Mt. Rose: (Crushes a Keystone and burps.) Um, five feet.
Heavenly: We’re at eight.
Mt. Rose: Shit. Um, OK. GSR has Sir Mix-a-Lot coming in Friday. And we’re out.
Heavenly: (Laughs!) Mix-a-Lot. Classic Reno (reaches for stack.) We’ll see your Mix-a-Lot and raise you fucking Styx on March 18…plus NINE FEET of snow this weekend. Sierra?
Sierra-at-Tahoe: (Exhales huge bong rip.) What? How much to keep playing?
Sierra-at-Tahoe: Nine inches? We’ll go ten. Everyone likes a ten-incher. (High Fives some dude in jorts and a beanie standing there watching.)
(Table cracks up.)
Homewood: That’s 10 feet holmes.
Sierra-at-Tahoe: (Coughing fit.) Oh fuck.
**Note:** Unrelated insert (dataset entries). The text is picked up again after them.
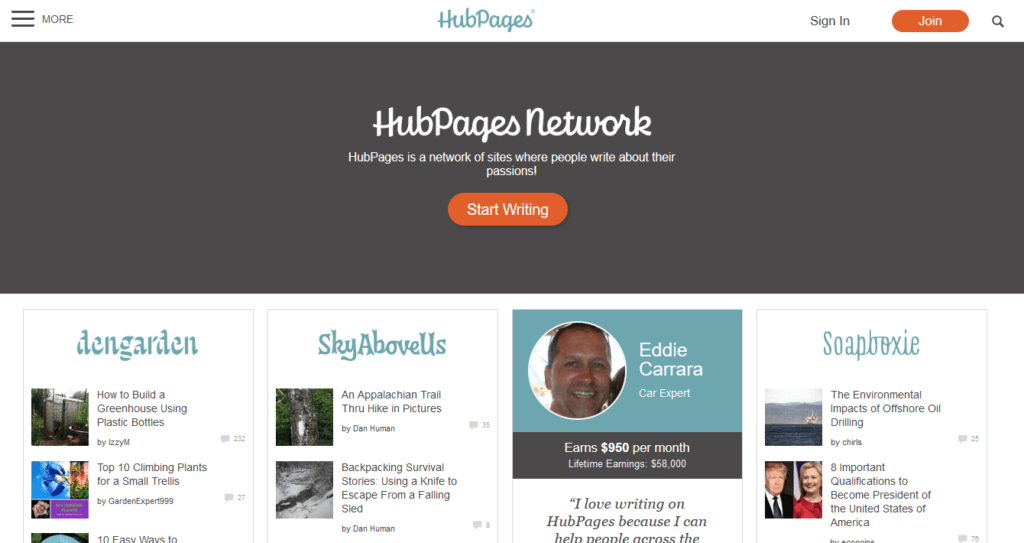 Screenshot of Hubpages website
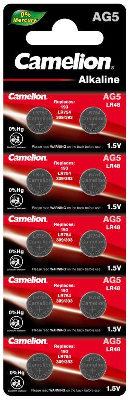 Элемент питания алкалиновый "таблетка" G 5 Mercury Free AG5-BP0%Hg 393A/LR754/193 BL-10 (блист.10шт) Camelion 12813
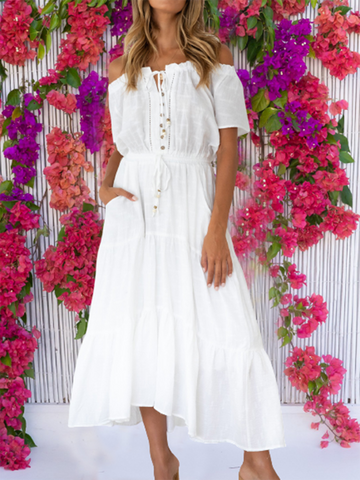 A-Line Solid Boho Frill Dress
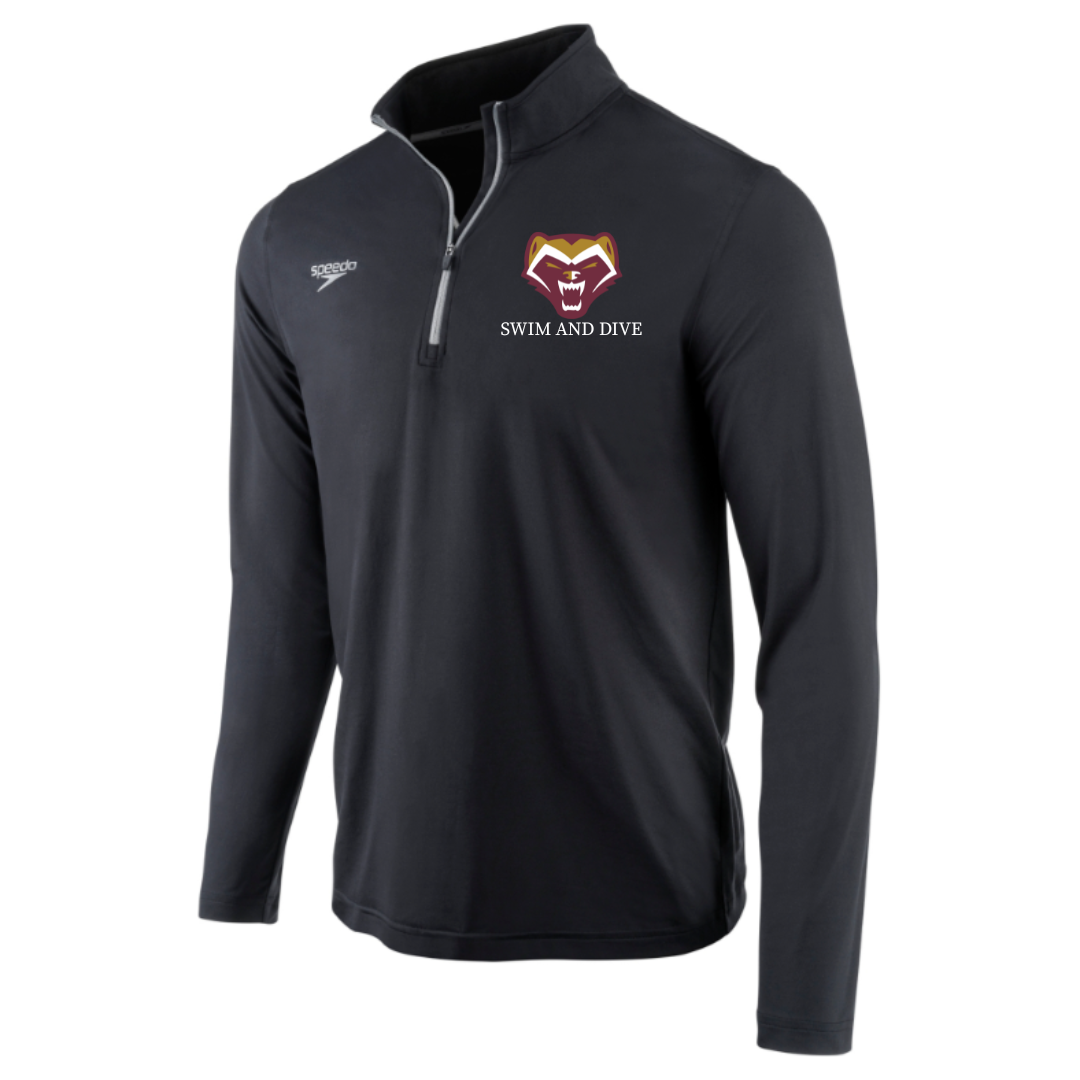 Speedo Jersey 1/4 Zip Long Sleeve T-Shirt (Customized) - Walker School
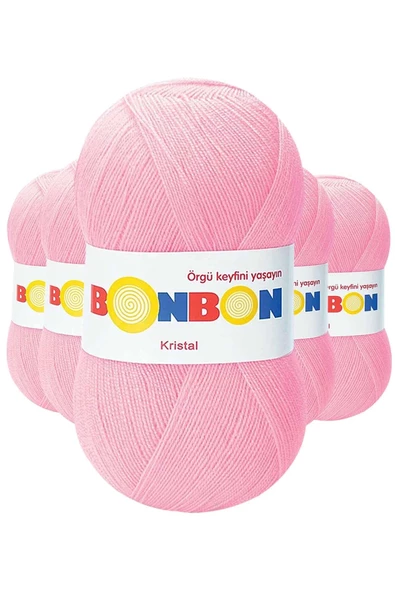 5 Adet Kristal El Örgü Lif İpi Şeker Pembe 98588 ürün görseli
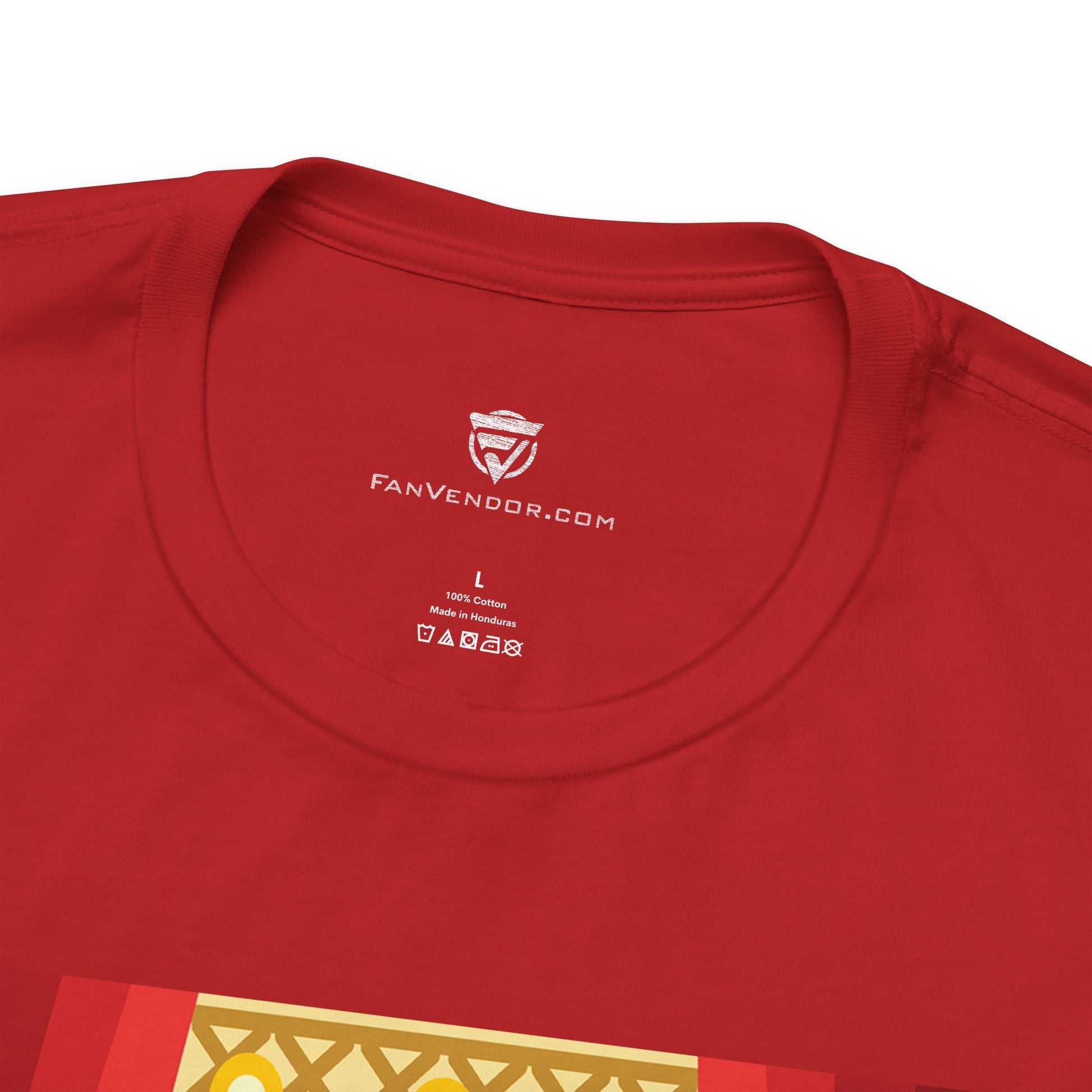 Red t-shirt with 'Fanvendor.com' logo and text on a white background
Yeah. We’re out. We’ll just skin up Jobs whenever.
Kirkwood: Vail HQ says to go 12 feet but what the fuck does it matter? The road’s gonna be closed and the generator out anyway. We’re out.
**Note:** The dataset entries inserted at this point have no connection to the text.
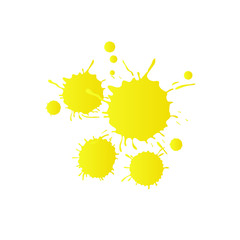 Light yellow watercolor paint drops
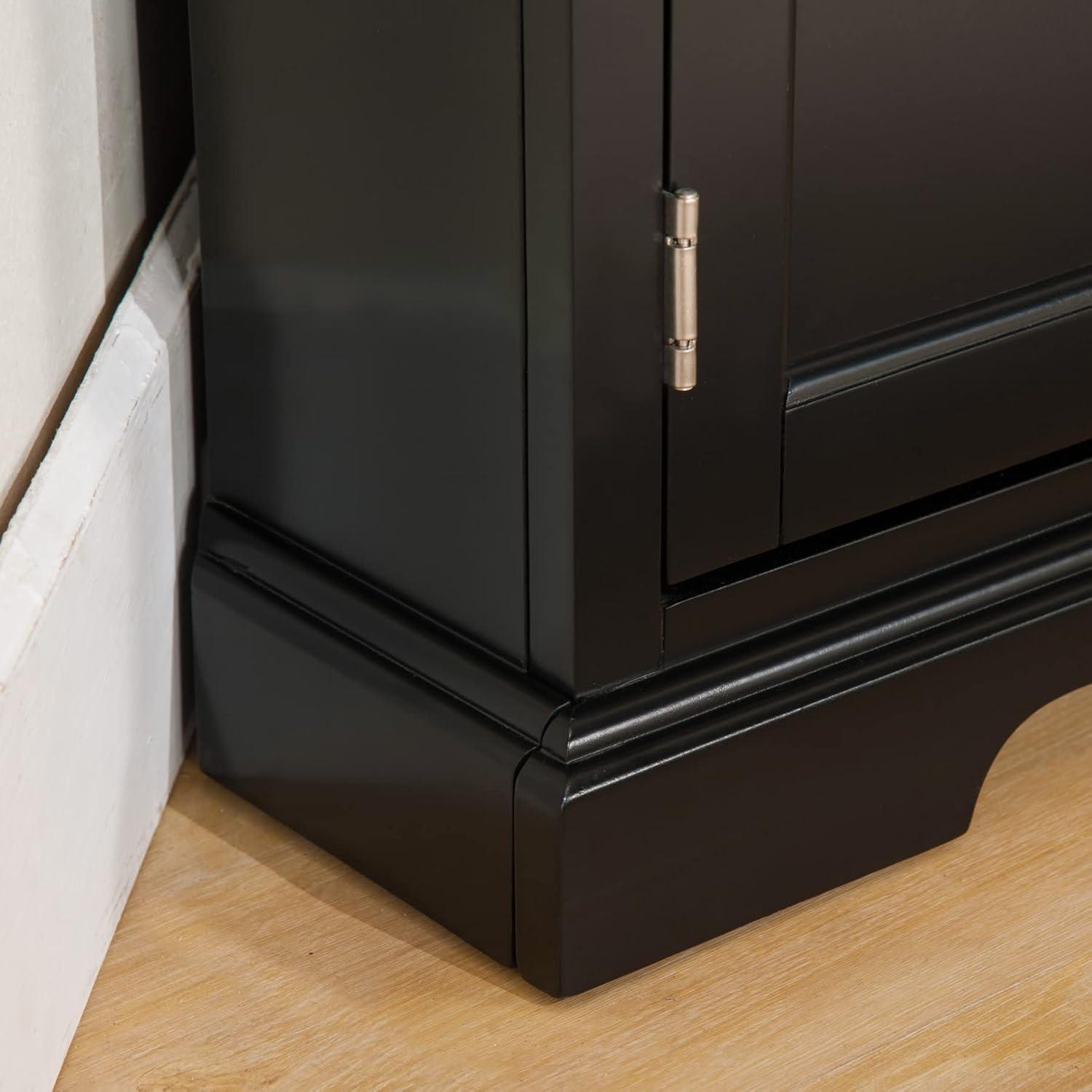 imageLeick Home 83385 Three Door Corner TV Stand with Cabinet Storage For 50 TVs BlackBlack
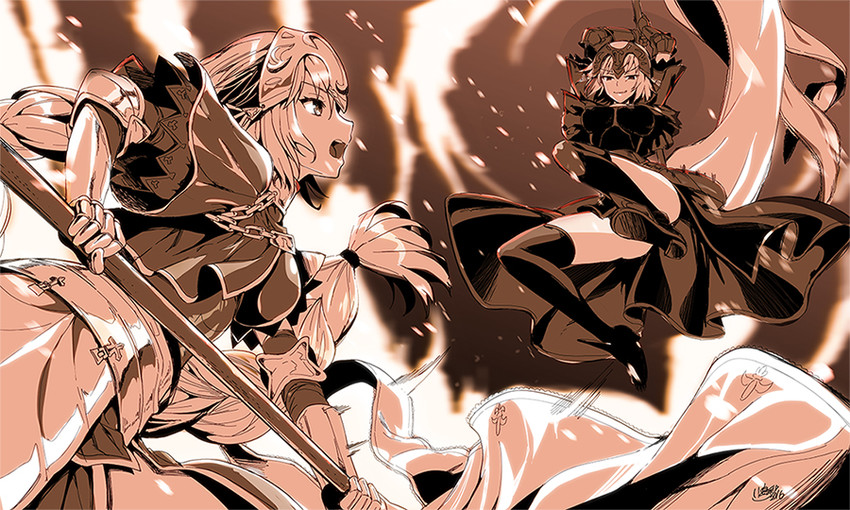 jeanne d'arc and jeanne d'arc alter (fate and 2 more) drawn by kojima_saya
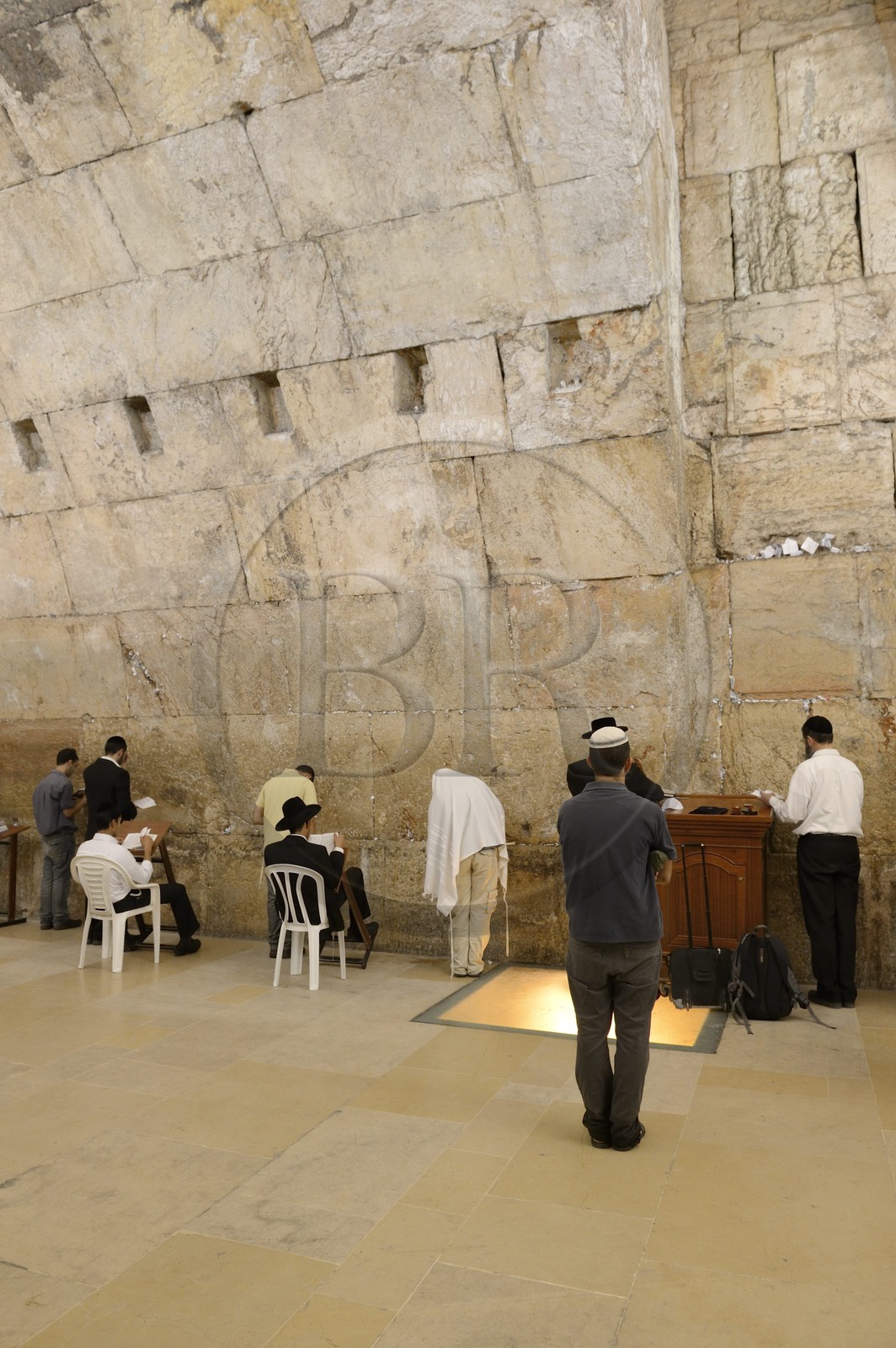 Israel, Jerusalem, holy city, the old town listed as World Heritage by UNESCO, covered part of the Western Wall part of the retaining walls of the Temple Mount built by Herod the Great, Orthodox Jews praying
Squaw/Alpine: (Stands up pushes all in.) “Squaw Valley USA and Alpine meadows is pleased to announce it will get fifty fucking feet of snow this weekend,” says Andy Wirth, president and CEO of Squaw Valley Ski Holdings, LLC, the parent company of Squaw Valley Alpine Meadows which is still trying to figure out how to market 200 boxes of old Jonny Moseley Huck Dolls. Maybe one free with next year’s super-platinum-alles-gut pass. “This means basically there’s going to be more snow than in that movie The Day After Tomorrow where the Statue of Liberty is buried up to her face hole in pow and Jake Gyllenhall has to dig out with a fucking shoe. The fifty feet of snow will also form a permanent ice bridge not yet seen in the post-Mesozioc Era between Squaw Valley USA and Alpine Meadows which means we can scrap the gondola thing.”
Fifty feet it is then. Unless you’re skiing Diamond Peak. In that case, it’ll be a dusting of two to three inches, just enough to give you a fresh layer of corduroy after Sunday’s Qupé Wines visit to Last Tracks.